Comparison of relative abundance of RATC genes in publicly available metagenomic datasets of human stool (MG-RAST #4444130.3), Cattle feces (MG-RAST #4448367.3), Buffalo Rumen (MG-RAST #4446901.3), Cow rumen (MG-RAST #4441679.3), and Chicken Cecum (MG-RAST #4440283.3). Data were derived from Singh et al. (2012). Sequences were annotated using the SEED database functional gene categories under the metagenome rapid annotation using subsystem technology (MG-RAST).

As plasmids are important mediators of HGT of AMR genes, a more focussed sequencing of the plasmid metagenome (plasmidome/metamobilome) has also been applied (Walker, 2012).

Although with traditional metagenomic sequencing every single extra-chromosomal element within an environment can be sequenced (as long as the sequencing depth is sufficient), the proportion of chromosomal and extra-chromosomal genomes will always remain hugely in favor of chromosomes resulting in masses of redundant data when one is merely interested in the extra-chromosomal metagenome (Li et al., 2012) The research on the plasmidome is only in its infancy and has been applied to very few environments to date.

As described above, many resistance genes identified in studies applying functional metagenomics have low similarity to known genes. In sequence-based metagenomics, sequences with low similarity to known reference sequences cannot be easily identified, in other words this approach is generally limited to identifying genes that are already known (Schmieder and Edwards, 2012). The annotation power of sequence-based metagenomics will, however, keep improving, as long as functional metagenomic-based studies keep identifying novel AMR genes.

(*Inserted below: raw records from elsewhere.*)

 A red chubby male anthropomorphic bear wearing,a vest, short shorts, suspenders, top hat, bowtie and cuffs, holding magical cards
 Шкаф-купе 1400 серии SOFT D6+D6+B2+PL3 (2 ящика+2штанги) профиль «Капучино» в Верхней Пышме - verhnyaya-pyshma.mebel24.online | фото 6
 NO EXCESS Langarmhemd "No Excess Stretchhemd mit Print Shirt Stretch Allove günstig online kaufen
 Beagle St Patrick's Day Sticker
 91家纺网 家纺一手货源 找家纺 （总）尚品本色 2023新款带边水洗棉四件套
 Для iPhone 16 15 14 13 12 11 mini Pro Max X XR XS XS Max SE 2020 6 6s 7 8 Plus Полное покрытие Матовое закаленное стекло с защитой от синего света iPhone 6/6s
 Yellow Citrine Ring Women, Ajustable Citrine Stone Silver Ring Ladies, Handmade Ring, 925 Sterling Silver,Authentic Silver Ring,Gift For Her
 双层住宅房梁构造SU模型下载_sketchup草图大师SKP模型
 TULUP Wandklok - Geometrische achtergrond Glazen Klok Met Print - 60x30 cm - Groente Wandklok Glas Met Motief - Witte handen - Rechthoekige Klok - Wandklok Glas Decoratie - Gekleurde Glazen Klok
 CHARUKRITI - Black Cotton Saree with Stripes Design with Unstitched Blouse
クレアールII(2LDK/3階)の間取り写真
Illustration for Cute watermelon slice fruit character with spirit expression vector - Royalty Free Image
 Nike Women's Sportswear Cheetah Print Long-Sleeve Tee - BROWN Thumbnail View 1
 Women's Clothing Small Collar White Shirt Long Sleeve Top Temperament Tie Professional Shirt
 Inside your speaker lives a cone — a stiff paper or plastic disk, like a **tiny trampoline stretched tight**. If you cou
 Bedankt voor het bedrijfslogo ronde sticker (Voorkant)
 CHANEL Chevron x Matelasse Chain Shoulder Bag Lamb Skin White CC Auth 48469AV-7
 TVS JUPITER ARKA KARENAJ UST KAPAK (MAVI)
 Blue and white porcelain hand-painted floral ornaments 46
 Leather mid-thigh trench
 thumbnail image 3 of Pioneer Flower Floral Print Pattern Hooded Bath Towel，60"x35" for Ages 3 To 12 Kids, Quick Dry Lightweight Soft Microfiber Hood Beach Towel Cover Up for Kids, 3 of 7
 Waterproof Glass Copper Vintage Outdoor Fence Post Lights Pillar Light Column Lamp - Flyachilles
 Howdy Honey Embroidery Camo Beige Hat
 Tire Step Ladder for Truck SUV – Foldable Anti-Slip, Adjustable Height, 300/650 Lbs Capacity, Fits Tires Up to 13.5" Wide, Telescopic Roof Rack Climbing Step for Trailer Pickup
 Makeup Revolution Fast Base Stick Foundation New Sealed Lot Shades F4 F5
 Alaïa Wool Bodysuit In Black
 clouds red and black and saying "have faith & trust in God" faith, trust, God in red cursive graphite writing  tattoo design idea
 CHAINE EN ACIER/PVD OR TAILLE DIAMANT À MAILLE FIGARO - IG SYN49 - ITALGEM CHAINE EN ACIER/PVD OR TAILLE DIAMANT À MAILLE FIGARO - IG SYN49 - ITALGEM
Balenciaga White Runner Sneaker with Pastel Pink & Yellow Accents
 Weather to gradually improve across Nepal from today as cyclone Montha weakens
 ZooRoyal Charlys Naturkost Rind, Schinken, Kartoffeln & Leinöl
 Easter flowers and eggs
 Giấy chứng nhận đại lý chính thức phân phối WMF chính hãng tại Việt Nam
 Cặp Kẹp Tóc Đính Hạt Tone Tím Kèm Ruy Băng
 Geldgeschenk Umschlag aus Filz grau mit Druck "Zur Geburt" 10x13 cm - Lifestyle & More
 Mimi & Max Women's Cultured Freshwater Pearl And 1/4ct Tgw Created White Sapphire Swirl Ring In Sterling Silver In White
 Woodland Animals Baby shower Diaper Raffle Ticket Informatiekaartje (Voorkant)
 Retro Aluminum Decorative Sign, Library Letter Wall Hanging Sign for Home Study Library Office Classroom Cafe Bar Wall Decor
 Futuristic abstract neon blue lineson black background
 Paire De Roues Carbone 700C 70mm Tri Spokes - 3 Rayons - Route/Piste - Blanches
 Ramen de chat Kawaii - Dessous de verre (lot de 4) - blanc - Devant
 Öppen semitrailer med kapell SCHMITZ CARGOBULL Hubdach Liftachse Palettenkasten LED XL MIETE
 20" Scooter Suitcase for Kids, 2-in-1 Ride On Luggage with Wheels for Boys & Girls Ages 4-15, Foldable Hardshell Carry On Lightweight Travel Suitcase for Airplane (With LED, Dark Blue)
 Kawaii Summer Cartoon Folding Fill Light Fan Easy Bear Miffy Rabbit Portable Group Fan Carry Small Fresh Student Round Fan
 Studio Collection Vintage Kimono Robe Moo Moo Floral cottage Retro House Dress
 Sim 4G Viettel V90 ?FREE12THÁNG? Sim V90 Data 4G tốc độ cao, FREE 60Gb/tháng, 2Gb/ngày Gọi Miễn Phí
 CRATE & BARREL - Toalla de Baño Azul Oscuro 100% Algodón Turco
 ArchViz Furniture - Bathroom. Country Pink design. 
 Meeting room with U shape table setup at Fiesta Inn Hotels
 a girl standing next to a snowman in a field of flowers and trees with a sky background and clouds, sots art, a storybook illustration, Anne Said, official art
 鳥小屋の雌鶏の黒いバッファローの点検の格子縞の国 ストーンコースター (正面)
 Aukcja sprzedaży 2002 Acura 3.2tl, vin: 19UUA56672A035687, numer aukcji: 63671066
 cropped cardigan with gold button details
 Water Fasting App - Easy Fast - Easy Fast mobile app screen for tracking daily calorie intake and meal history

In addition, sequence-based metagenomics does not provide any information on the expression of the identified genes. On the other hand, sequence-based metagenomics provides a wealth of information not only on AMR genes, but on the entire gene content thereby enabling the identification of the community composition and metabolic profile. In particular these metagenomic data sets enable to look at which members of the bacterial community are carrying particular functional genes.

CONCLUSION

Previous research on marker gut microbes has provided a wealth of information on amongst others AMS of these strains in different hosts, over time and at different geographic locations. In the current era of molecular techniques, there is still a place for culture-based studies as it is a necessity to assess antibiotic susceptibility. Yet, targeted, functional, or sequence-based metagenomics are required to gain more insight in the potential of the human gut microbioma as an AMR reservoir. These techniques have their own strengths and limitations and application of these techniques in population-based studies is only starting to emerge. Within the coming years, new metagenomics-based studies are likely to reveal many novel insights into this subject.

Conflict of Interest Statement

The authors declare that the research was conducted in the absence of any commercial or financial relationships that could be construed as a potential conflict of interest.